In your reply, print every line of the listing exactly and omit all images.

▶ _COLLECTED MATERIAL_
* * * * * * * * *

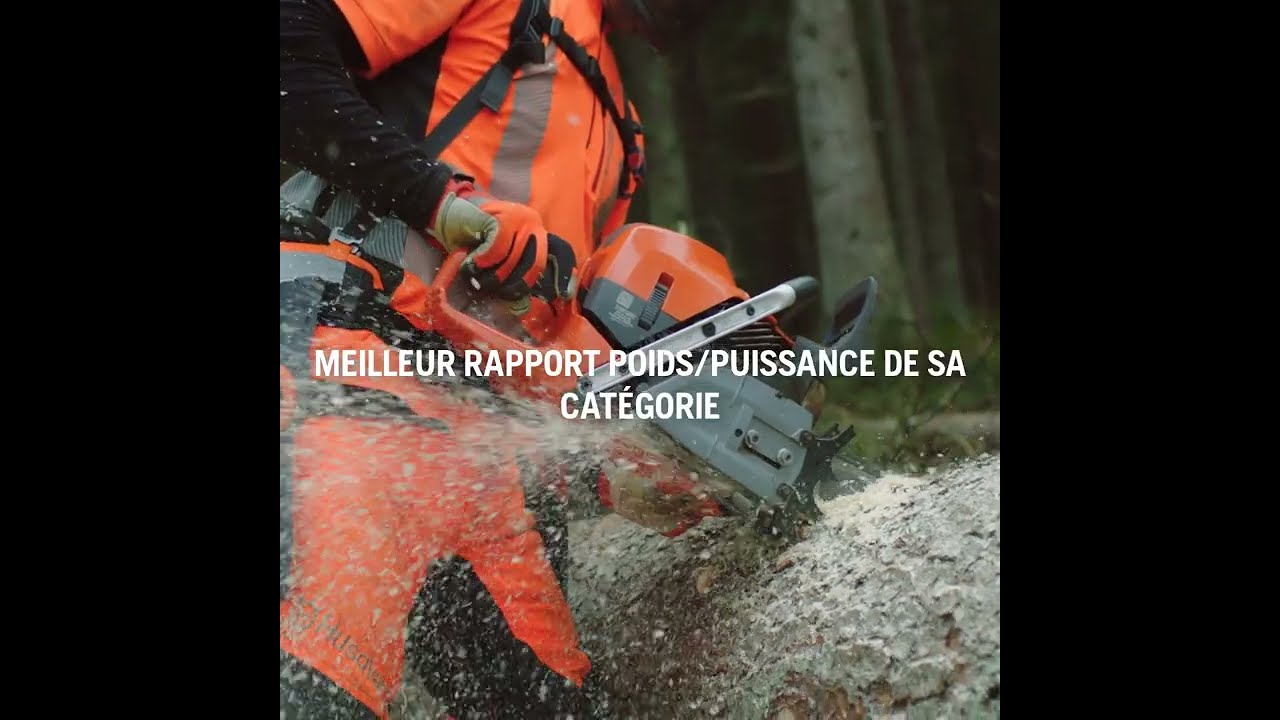 HUSQVARNA FRANCE : Comment affûter la chaîne de sa tronçonneuse, avec  Jean-Michel PETITQUEUX 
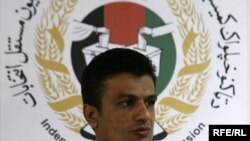 د ټاکنو د کمیسیون د دارالانشا نوی ريیس عبداله احمدزی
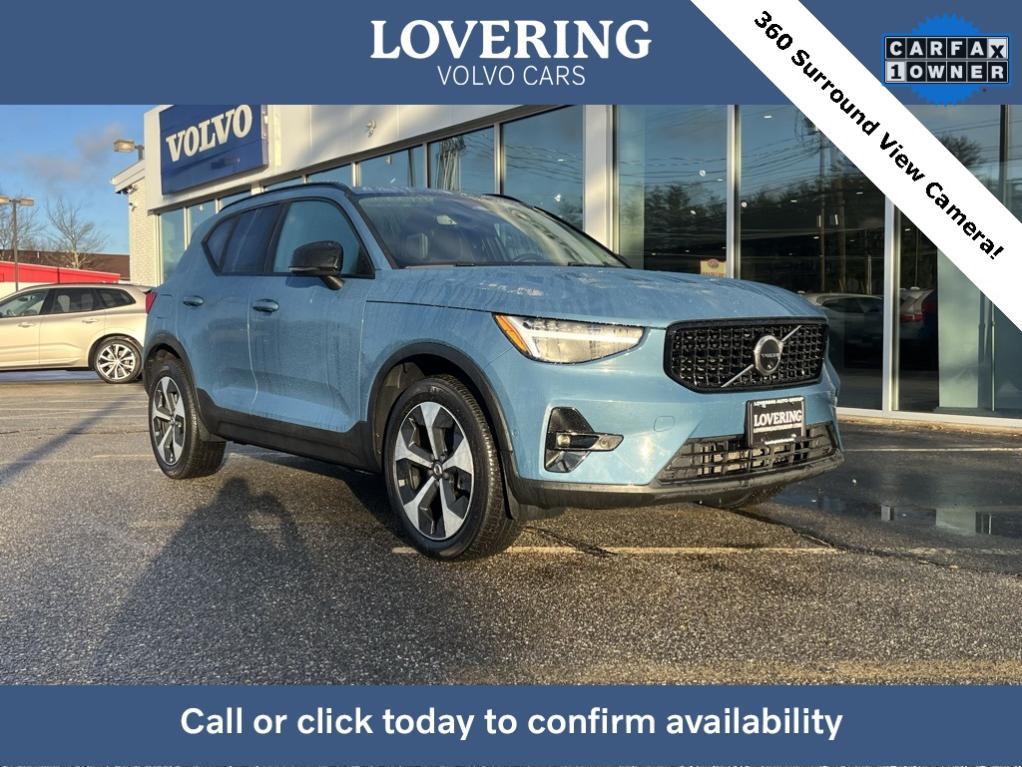 used 2024 Volvo XC40 car, priced at $34,499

* * * * * * * * *

▶ _RESPONSE_
 HUSQVARNA FRANCE : Comment affûter la chaîne de sa tronçonneuse, avec  Jean-Michel PETITQUEUX 
 د ټاکنو د کمیسیون د دارالانشا نوی ريیس عبداله احمدزی
 used 2024 Volvo XC40 car, priced at $34,499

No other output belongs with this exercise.